Die Volksrepublik Polen hatte lange Zeit die dürftige Wahl zwischen sowjetischen Parfüms (die sich eines zweifelhaften Renommees erfreuten) oder bulgarischem Rosenöl – «westliche», das heißt vor allem französische Parfüms standen stets weit höher im Kurs, waren aber nur schwer zu bekommen. In Reaktion auf diverse Engpässe und innenpolitische Spannungen wurde den polnischen Genossinnen und Genossen in den 1970ern eine staatseigene Parfümreihe vorgestellt – und damit ein Hauch «europäischer» Wohlstandsgesellschaft vermittelt. Dank ausländischer Anleihen und der Grenzöffnung zur DDR (und damit einem flexibleren Warenverkehr) wurden Konsumgüter von Kinderkleidung bis zum Waschpulver zugänglicher. Wenn’s im Staat kriselt, beschenkt man die Leute mit Konsumartikeln, das hat sich bewährt. Im Zuge dieser staatlich geförderten Hebung des Lebensstandards stieg der größte polnische Kosmetikproduzent Pollena (der bisher Artikel des täglichen Bedarfs von Seife bis Haarshampoo herstellte) in die Parfümproduktion ein. Das dort kreierte Parfüm «Vielleicht …» («Być może») – ein Klassiker der volksrepublikanischen Duftlandschaft – wird gemeinhin als «sozialistische Version von Chanel Nº 5» beschrieben. Das zweite Kultparfüm der polnischen Volksrepublik nennt sich «Pani Walewska». Der Duft von «Frau Walewska» wird heute eher mit Großtantengeruch assoziiert, fand damals aber großen Anklang. Der Name leitet sich von der polnischen Geliebten Napoleon Bonapartes, Maria Walewska, ab.

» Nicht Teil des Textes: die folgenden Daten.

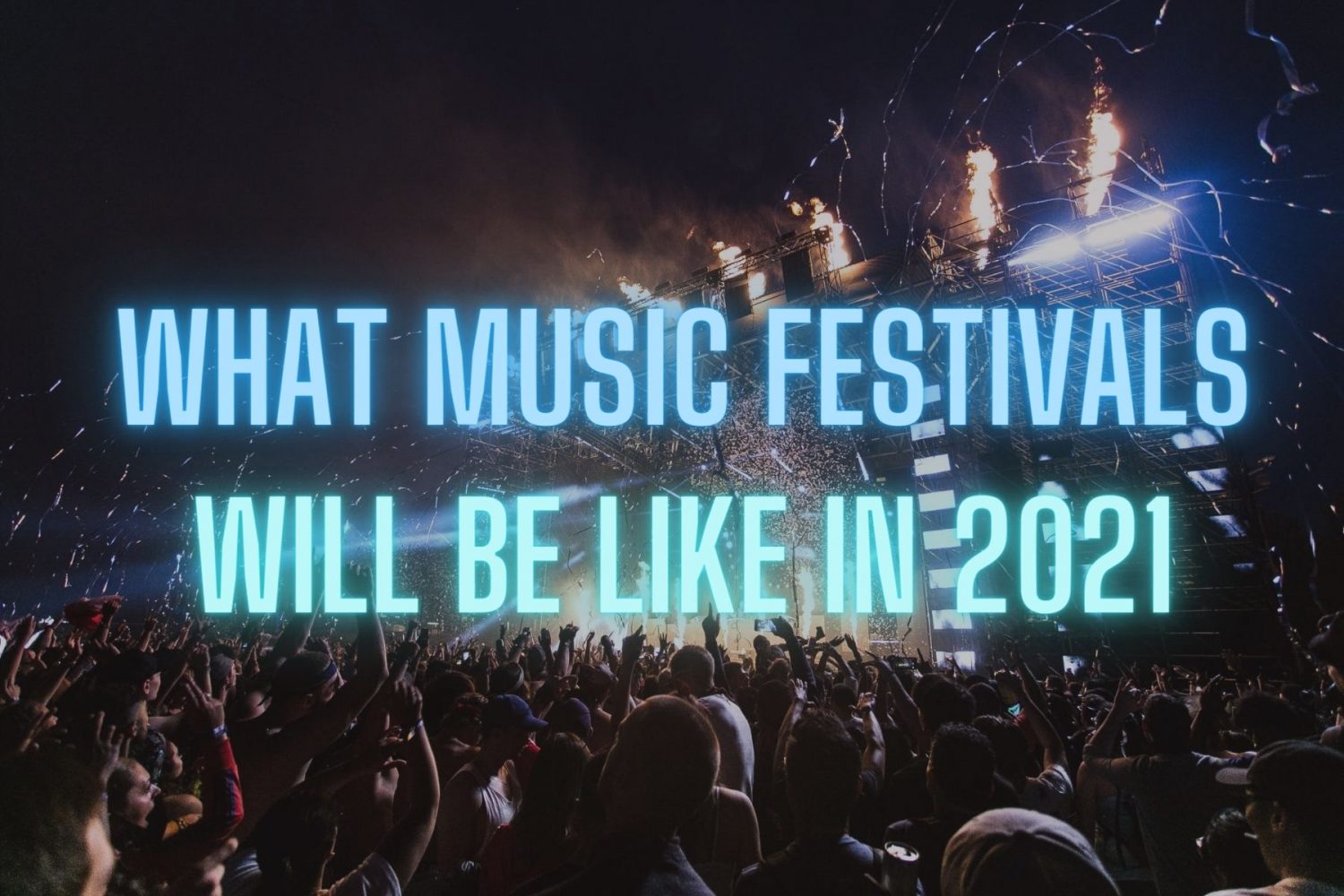 What Music Festivals In The United States Will Look Like in 2021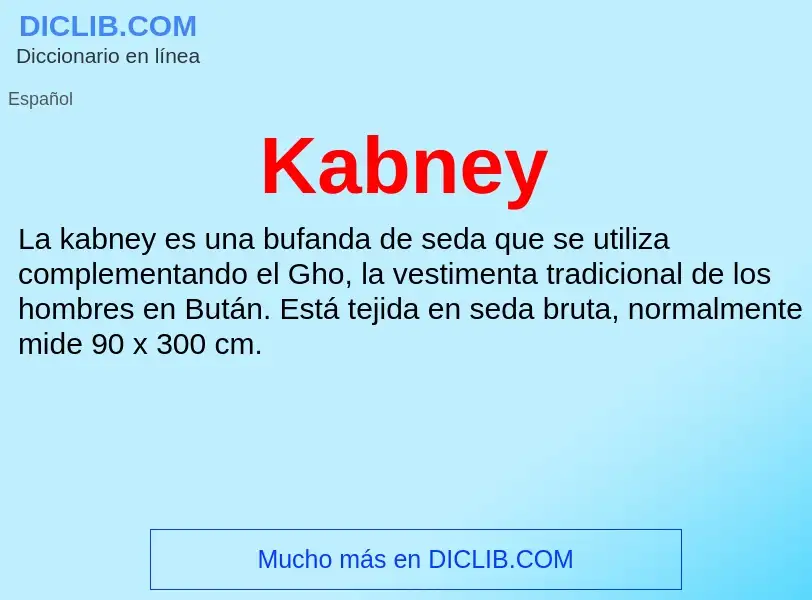 Qu'est-ce que Kabney - définition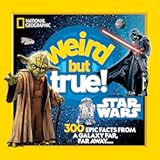 Weird But True&excl; Star Wars&colon; 300 Epic Facts From a Galaxy Far&comma; Far Away&period;&period;&period;&period;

Das Parfüm spielt also bezeichnenderweise auf Polens Platz in Europa (trotz Ostblock) an. Polen als Geliebte (und Sehnsuchtsobjekt) Europas rekurriert damit auch auf die traditionellen polnisch-französischen Verbindungen (über das Liebeslager Napoleons hinaus).

Rhapsody mit Paprika-Note.

Die große Zeit der Staats-Parfüms ist heute vorbei, die sozialistischen Größen von «Rotes Moskau» bis «București» erfreuen nur noch Nostalgiker_innen und Freaks auf Ebay. Die großen Parfümnamen waren insofern von großer kultureller Bedeutung, als sie noch eine ganze Epoche und den Zeitgeist ihrer Entstehung repräsentierten – unabhängig ob in West oder Ost. Jedoch etablieren sich zunehmend kleine Parfümdesigner mit Neuauflagen historischer Rezepturen oder aber Anspielungen auf ein regionales Duft-Imaginarium – sie kreieren Parfüms, die nicht unbedingt auf den Drogerieketten-Markt abzielen. Auf Neuinterpretationen von Düften aus der Kaiserzeit hat sich das Unternehmen «Wiener Blut» spezialisiert. Das Geschäft mit kulturellen Topoi funktioniert, unlängst wurde der Duft «Freudian Wood» herausgebracht, der auf die klassischen Wien-Assoziationen um Psychoanalyse und Psychosen anspielt. In Ungarn kam 2006 das erste «nationale» Parfüm aus dem «Land der Magyaren» unter dem Namen «Hungarian Rhapsody Nº 5» auf den Markt. Es wird als Mitbringsel neben «großen Hungarika wie Pick-Salami und edelsüßem Tokajer Wein» empfohlen und riecht neben bekannten Parfümingredienzen auch ein wenig – nach grünem Paprika!